Zweite Halbzeit: Der Faktor Platzverweis und der Faktor Ruiz
Bereits nach drei Minuten des zweiten Abschnittes stellte sich eine völlig andere Situation dar, als Berghuis nach einer Schwalbe mit Gelb-Rot des Feldes verwiesen wurde. Die Überzahl spielte Ajax zunächst in die Karten. Gegen Twentes asymmetrisches 4-2-3-0 mit de Jong als Falscher 9 konnten die Innenverteidiger gegen einen sich einigelnden Gegner immer wieder nach vorne marschieren.
Ajax baute nun großen Druck auf und kam auch zu Chancen. Der Ausgleichstreffer lag in der Luft und fiel auch recht frühzeitig. Nachdem die Offensivspieler geschickt Platz geschaffen hatten, konnte Alderwereild fast ungehindert bis zum gegnerischen Strafraum durchlaufen und dann aus ca. 20 m einen satten Schuss an die Unterkante der Latte zum 1:1 unterbringen (55.).

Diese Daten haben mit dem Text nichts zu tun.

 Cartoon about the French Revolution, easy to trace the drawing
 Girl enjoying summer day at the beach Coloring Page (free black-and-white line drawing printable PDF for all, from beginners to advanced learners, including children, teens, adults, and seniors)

Doch noch immer war es nicht genug Breite und so brachte de Boer Ooijer für Boilesen und stellte Blind auf die Linksverteidiger-Position, wo jener weiter außen stand. Außerdem war dies wohl als Absicherung gegen den zur Pause eingewechselten Twente-Starspieler Bryan Ruiz gedacht, der seit dem Platzverweis auf seiner angestammten rechten Außenbahn spielte.
Doch ausgerechnet der ansonsten stark spielende Blind war es, der beim Doppeln von Ruiz einmal zu passiv agierte. Jener bedankte sich, zog ungehindert nach innen und schloss einen der wenigen Entlastungsangriffe mit einem sehenswerten Treffer ab. In den letzten 20 Minuten warf Ajax noch einmal alles nach vorne, konnte gegen ein nur noch verteidigendes Twente die Chancen, die man hatte, allerdings nicht nutzen – so blieb es beim 2:1.
Fazit
Ajax dominierte das Spiel über die gesamte Spielzeit, konnte sein Spiel aufgrund des konstanten Druckes von Twente nicht voll entfalten. Dass man dennoch zu einigen Chancen kam, lag vor allem daran, dass das Pressing von Twente recht riskant war – van Gaal nannte Adriaanse einmal einen Zocker, der alles oder nichts spielt.
Theoretisch hat Ajax nicht nur eine junge, talentierte Mannschaft, sondern auch ein gutes taktisches System mit aufrückenden Innenverteidigern, offensiven Außenverteidigern, einem Spielmacher auf der Sechs, einer Falschen 9 und zwei vorstoßenden Achtern, die die geschaffenen Räume ausnutzen. de Boer muss das Ganze noch ein wenig mehr an die Spieler anpassen und vor allem das Problem der Breite lösen, das hier der wohl entscheidende Punkt für die Niederlage war.
In jedem Fall war das Spiel Werbung für den niederländischen Fußball und machte Lust auf diese beiden Teams, von denen wir Qualität, taktisch sehr interessante Spiel und wohl auch einige Erfolge erwarten können.
3 Kommentare Alle anzeigen
grombrindal 31. Juli 2011 um 23:39
Eine kleine Anmerkung zu euern Grafiken: Könntet ihr vielleicht unten links und oben rechts in die Ecken noch die Namen der jeweiligen Mannschaft schreiben?
Muss manchmal erst ein bisschen lesen oder suchen, um herauszufinden, welches Team welches ist.
Ansonsten großes Lob für diese sehr produktive und qualitativ hochwertige Seite! Freue mich schon auf Spielberichte über meinen BVB 🙂
aTOM 2. August 2011 um 01:02
Ist das nicht so schon eindeutig ? Oder kennst du keinen Spieler von Ajax bzw. Twente ?
Ich glaube der Text ist das Hauptaugenmerk des Beitrags und die Grafik nur bildliche Unterstützung.
Macht weiter so, ich liebe diese Seite !
TR 2. August 2011 um 12:49
Können wir natürlich trotzdem machen – so wie jetzt beim Pokalspiel der Bayern!